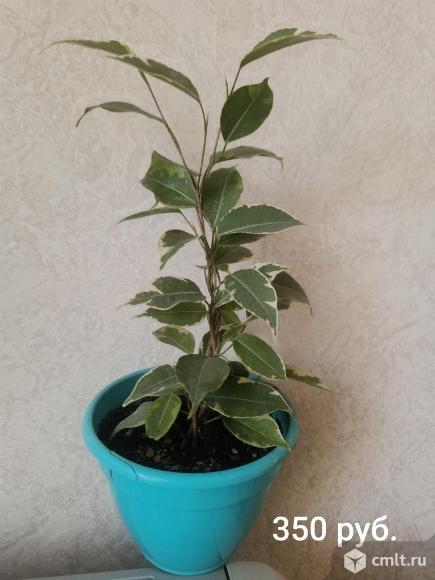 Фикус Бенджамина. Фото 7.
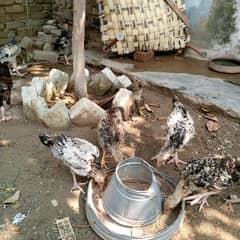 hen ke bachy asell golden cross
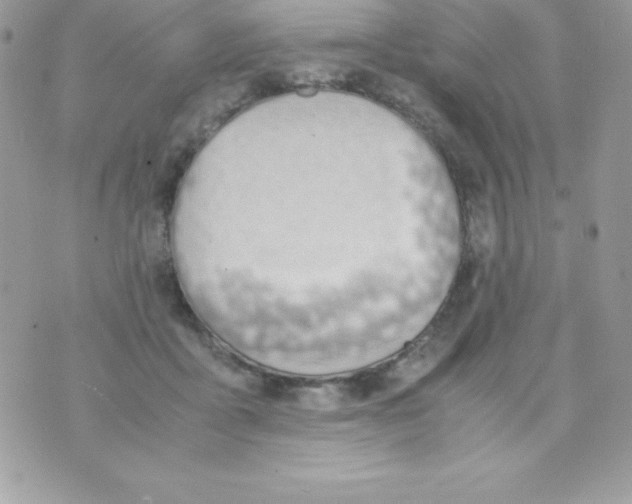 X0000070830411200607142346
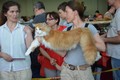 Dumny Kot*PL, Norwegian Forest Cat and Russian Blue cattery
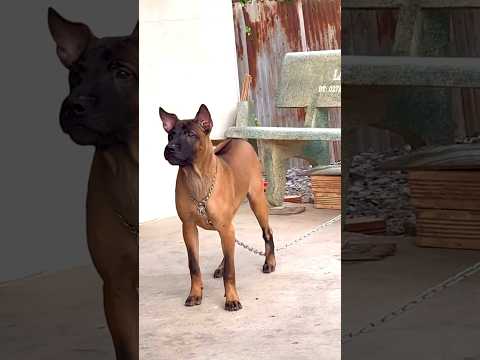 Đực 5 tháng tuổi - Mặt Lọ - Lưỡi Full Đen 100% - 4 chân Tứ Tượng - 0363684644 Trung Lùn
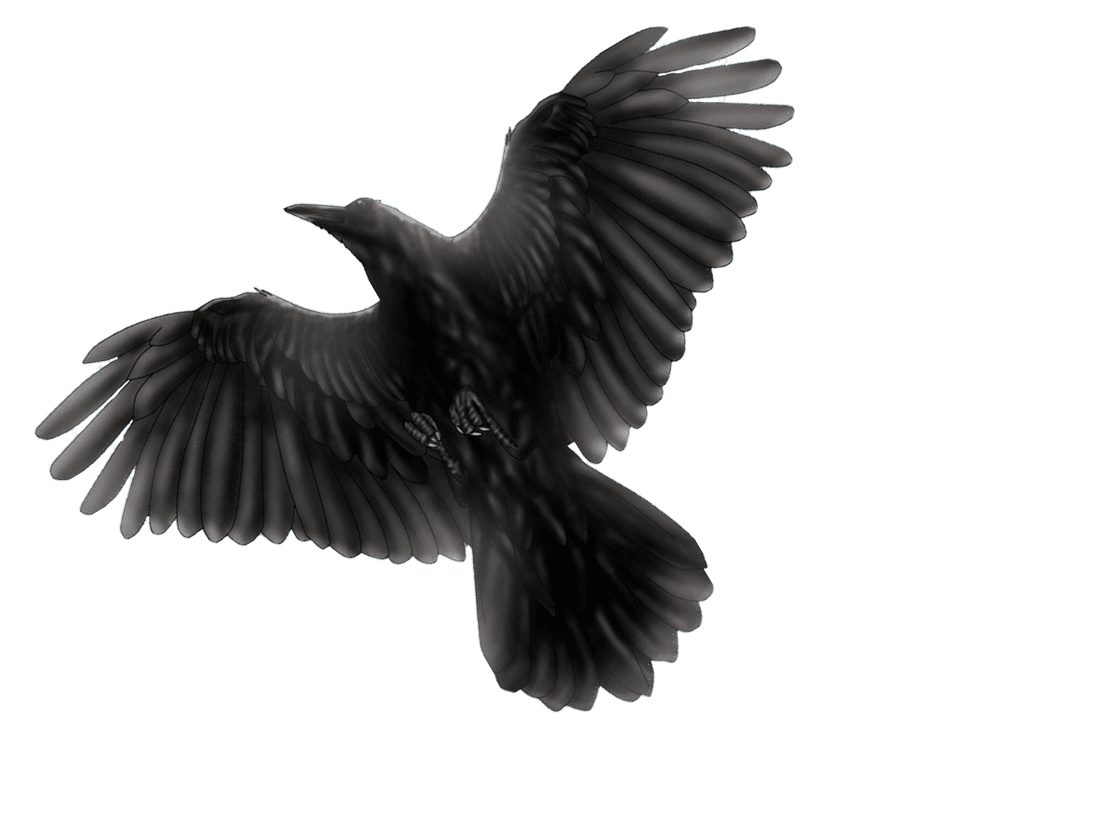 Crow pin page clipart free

# # # #

## THE TASK
Apart from the pictures, write every entry out again exactly.

## ANSWER TO THIS EXERCISE
 Фикус Бенджамина. Фото 7.
 hen ke bachy asell golden cross
 X0000070830411200607142346
 Dumny Kot*PL, Norwegian Forest Cat and Russian Blue cattery
 Đực 5 tháng tuổi - Mặt Lọ - Lưỡi Full Đen 100% - 4 chân Tứ Tượng - 0363684644 Trung Lùn
 Crow pin page clipart free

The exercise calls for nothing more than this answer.